TASK TO COMPLETE> From the line that contains "havona hotel bandar" through the closing line of the entries, write out each line exactly; pictures stay out.

INPUT FOR THIS TASK>

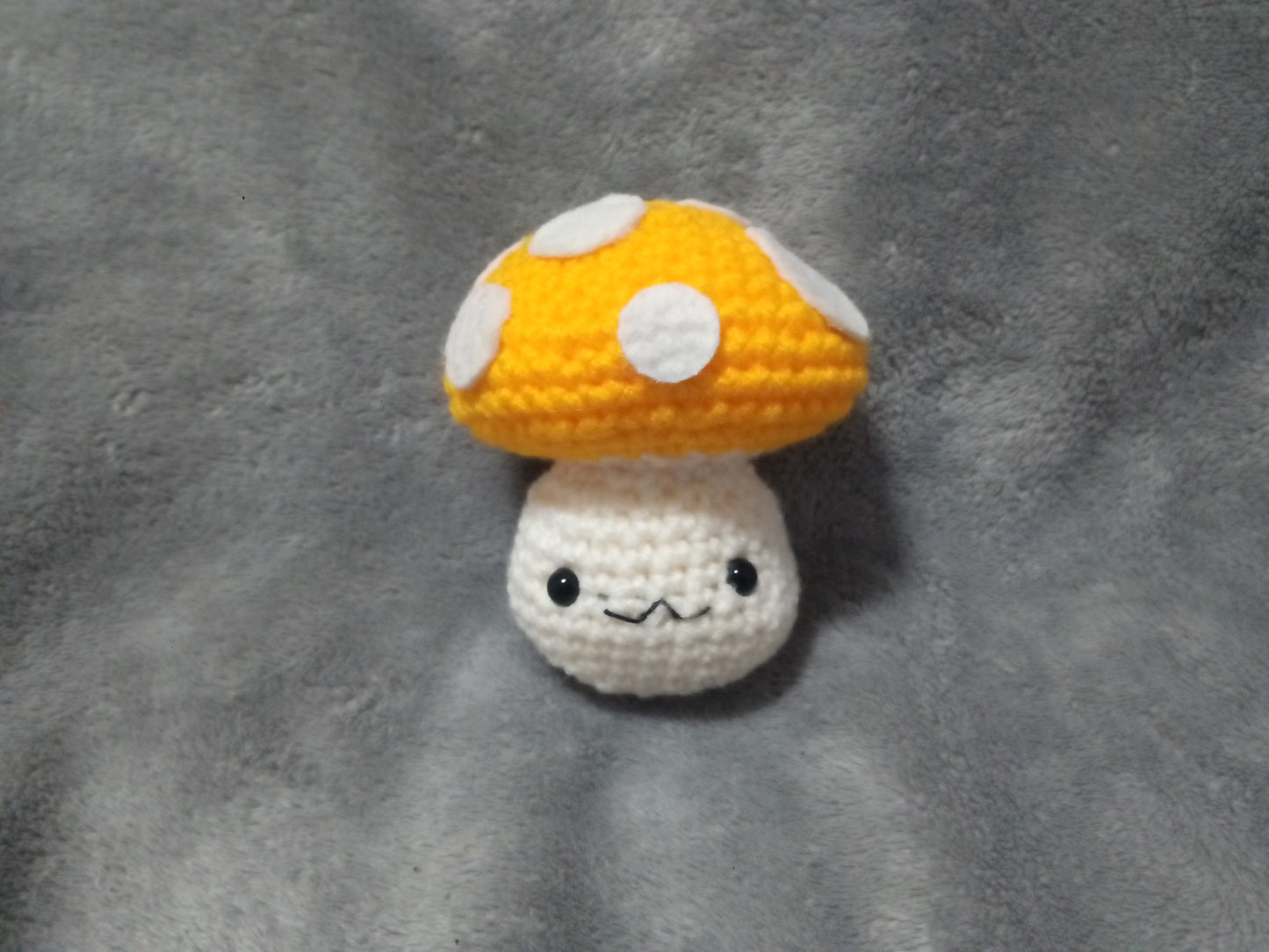 Mushroom Crochet Kit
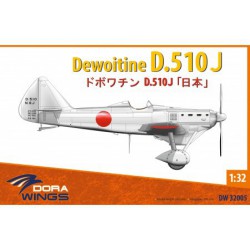 DORA WINGS DW32005 1/32 Dewoitine D.510J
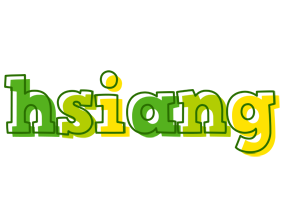 Hsiang juice logo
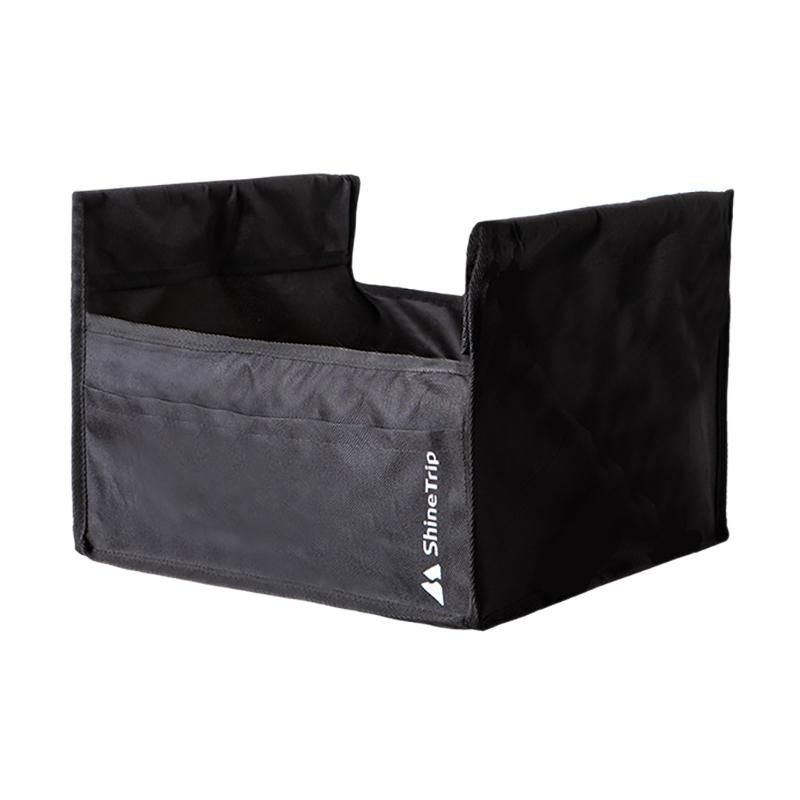 ShineTrip Outdoor Camping Seat Pocket Folding Storage Bag Portable Waterproof Tableware Clothes Storage Bag S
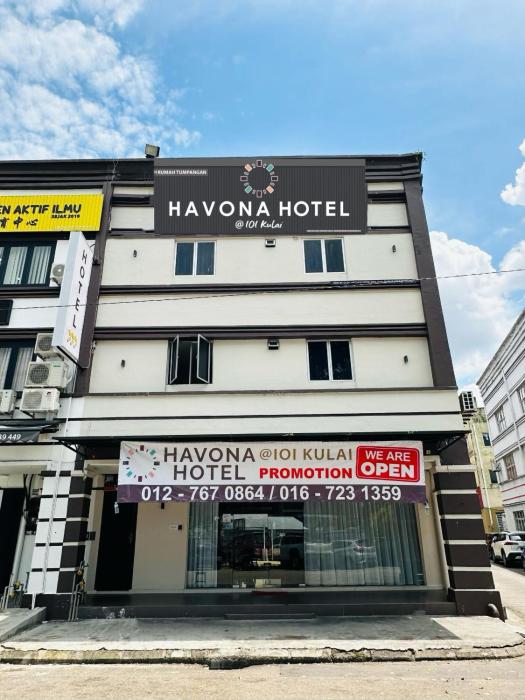 havona hotel bandar putra kulai self check in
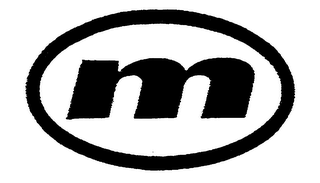M logo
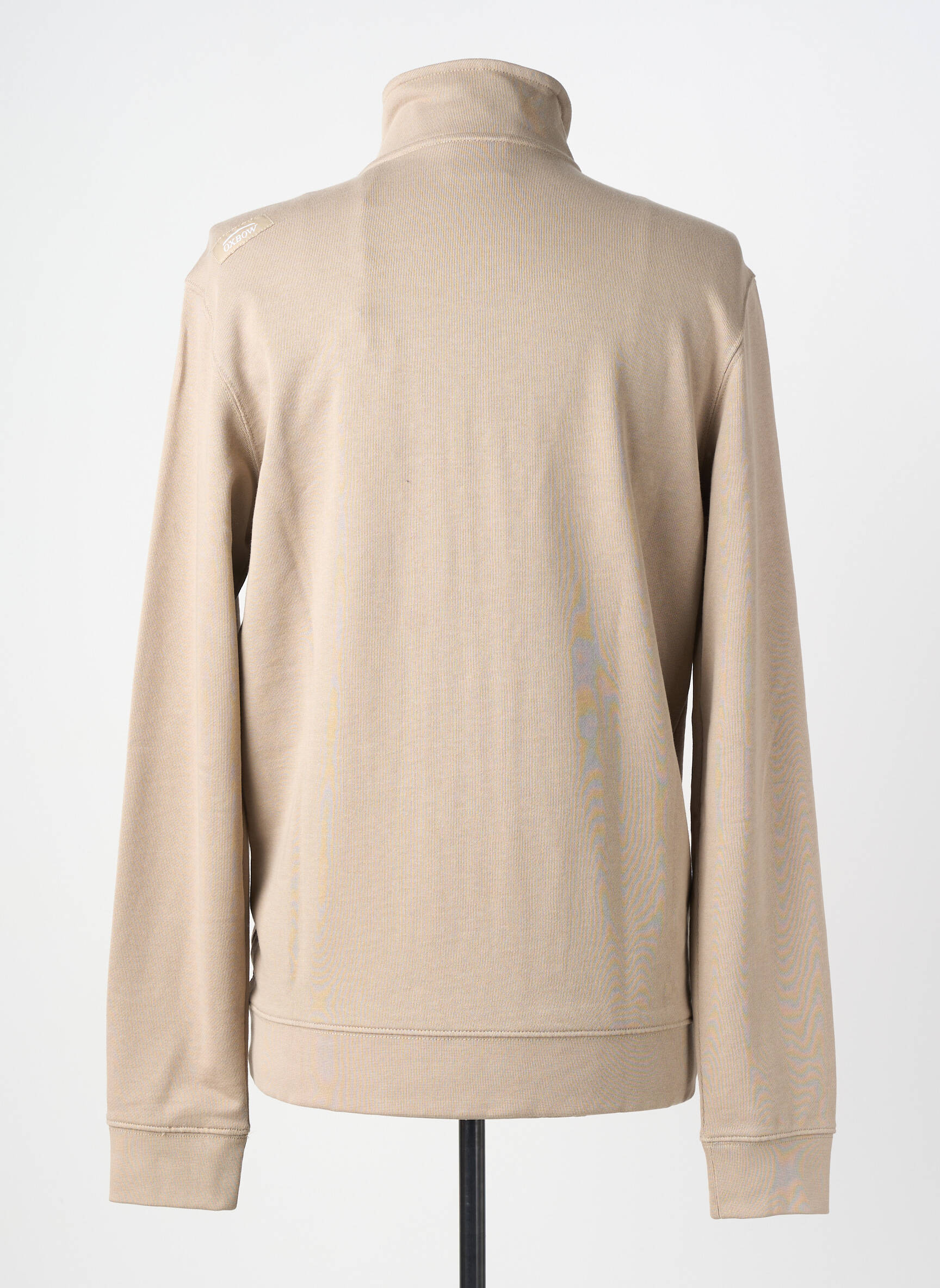 Veste casual resserrée sur le bas marron OXBOW homme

OUTPUT>
 havona hotel bandar putra kulai self check in
M logo
 Veste casual resserrée sur le bas marron OXBOW homme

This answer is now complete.